■ Given information
• • •

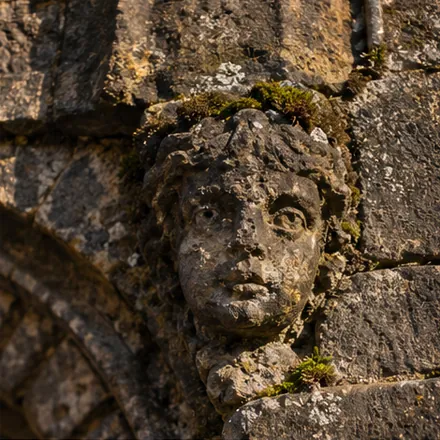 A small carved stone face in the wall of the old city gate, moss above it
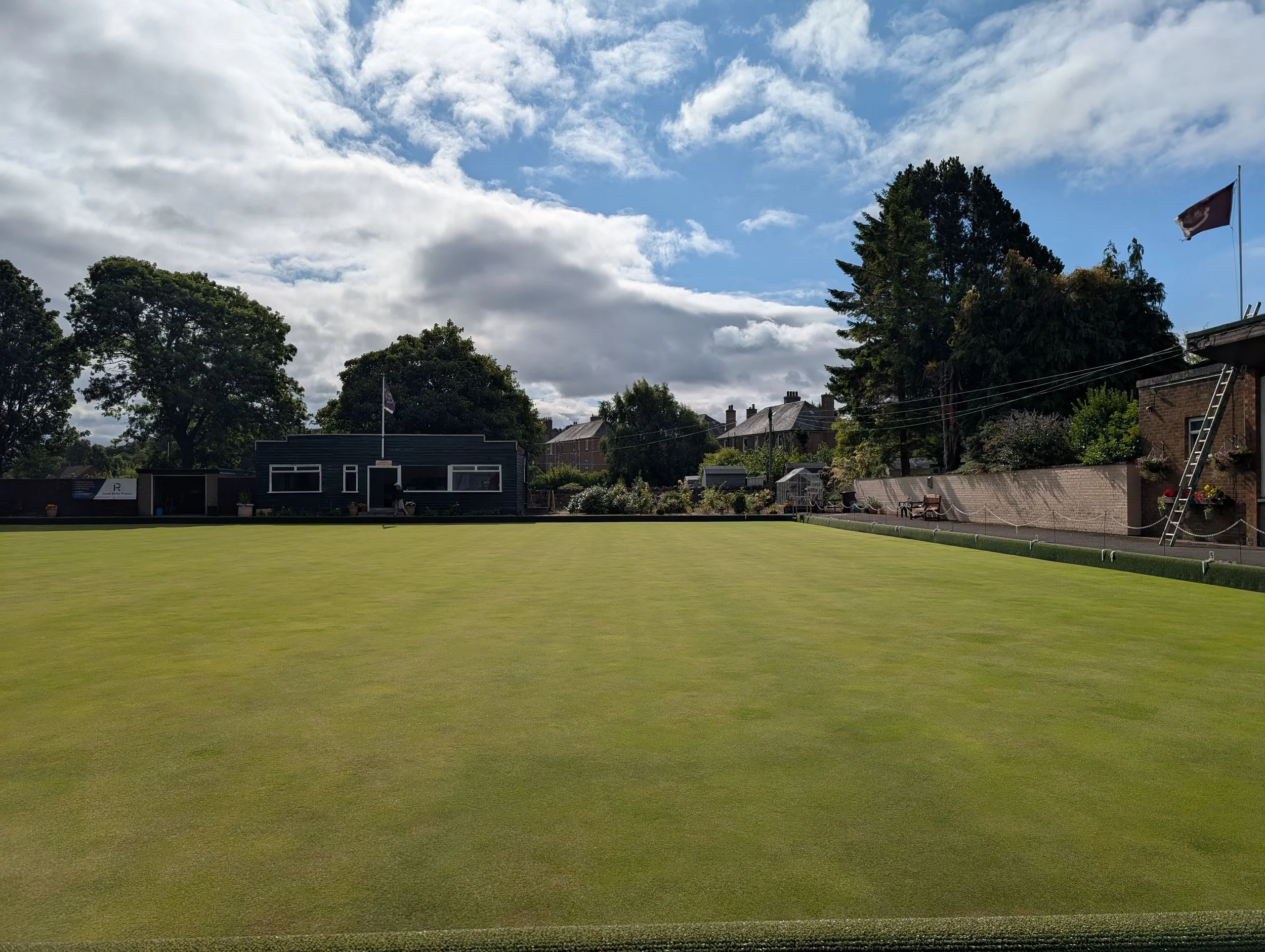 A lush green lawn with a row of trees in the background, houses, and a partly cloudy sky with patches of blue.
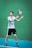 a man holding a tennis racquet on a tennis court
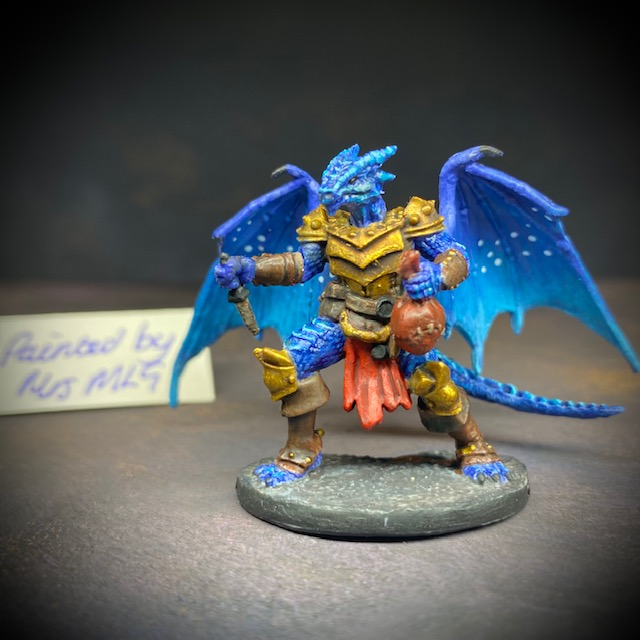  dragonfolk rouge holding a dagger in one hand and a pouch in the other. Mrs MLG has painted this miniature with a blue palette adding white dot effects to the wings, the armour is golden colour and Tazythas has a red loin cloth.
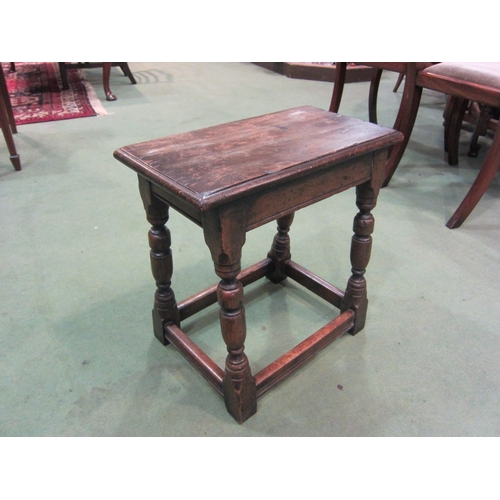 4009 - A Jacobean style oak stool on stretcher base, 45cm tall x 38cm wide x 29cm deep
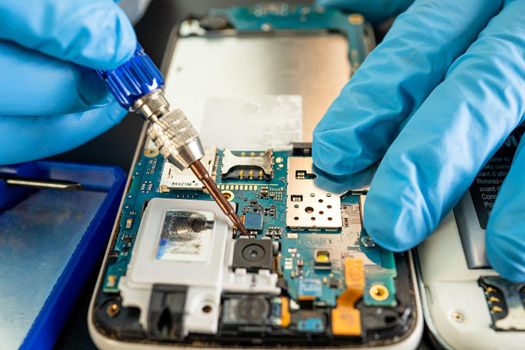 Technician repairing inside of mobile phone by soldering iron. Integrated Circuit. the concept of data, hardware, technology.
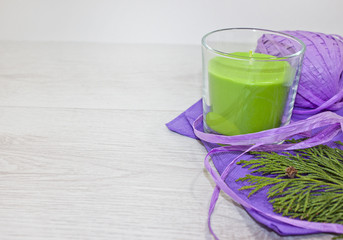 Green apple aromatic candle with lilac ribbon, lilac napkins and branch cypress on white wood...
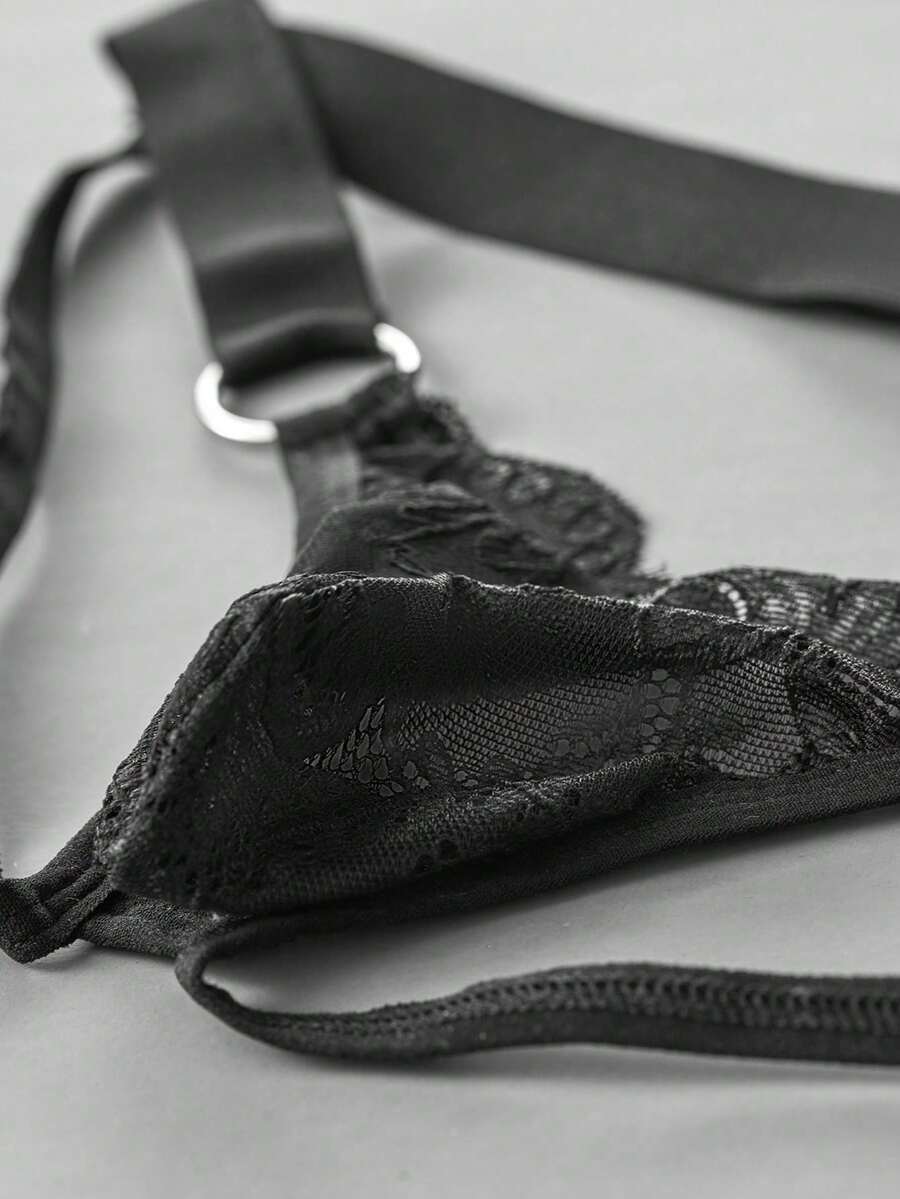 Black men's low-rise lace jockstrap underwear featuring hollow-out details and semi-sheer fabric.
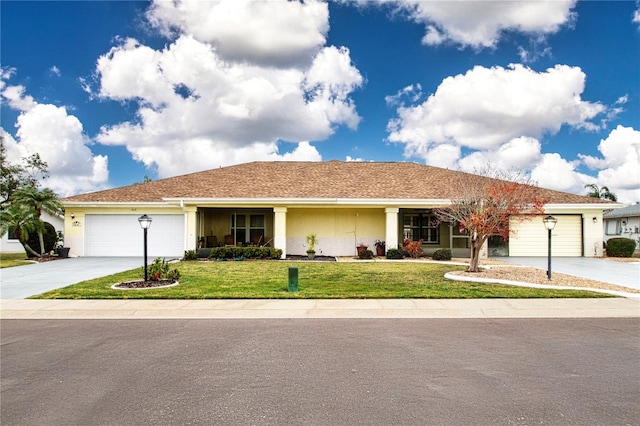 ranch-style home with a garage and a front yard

• • •

■ Action item
Please retype the lines from the one that contains "A lush green" to the final line of the records, both included, exactly as written and without any pictures.

■ Exercise solution
 A lush green lawn with a row of trees in the background, houses, and a partly cloudy sky with patches of blue.
 a man holding a tennis racquet on a tennis court
  dragonfolk rouge holding a dagger in one hand and a pouch in the other. Mrs MLG has painted this miniature with a blue palette adding white dot effects to the wings, the armour is golden colour and Tazythas has a red loin cloth.
 4009 - A Jacobean style oak stool on stretcher base, 45cm tall x 38cm wide x 29cm deep
 Technician repairing inside of mobile phone by soldering iron. Integrated Circuit. the concept of data, hardware, technology.
 Green apple aromatic candle with lilac ribbon, lilac napkins and branch cypress on white wood...
 Black men's low-rise lace jockstrap underwear featuring hollow-out details and semi-sheer fabric.
 ranch-style home with a garage and a front yard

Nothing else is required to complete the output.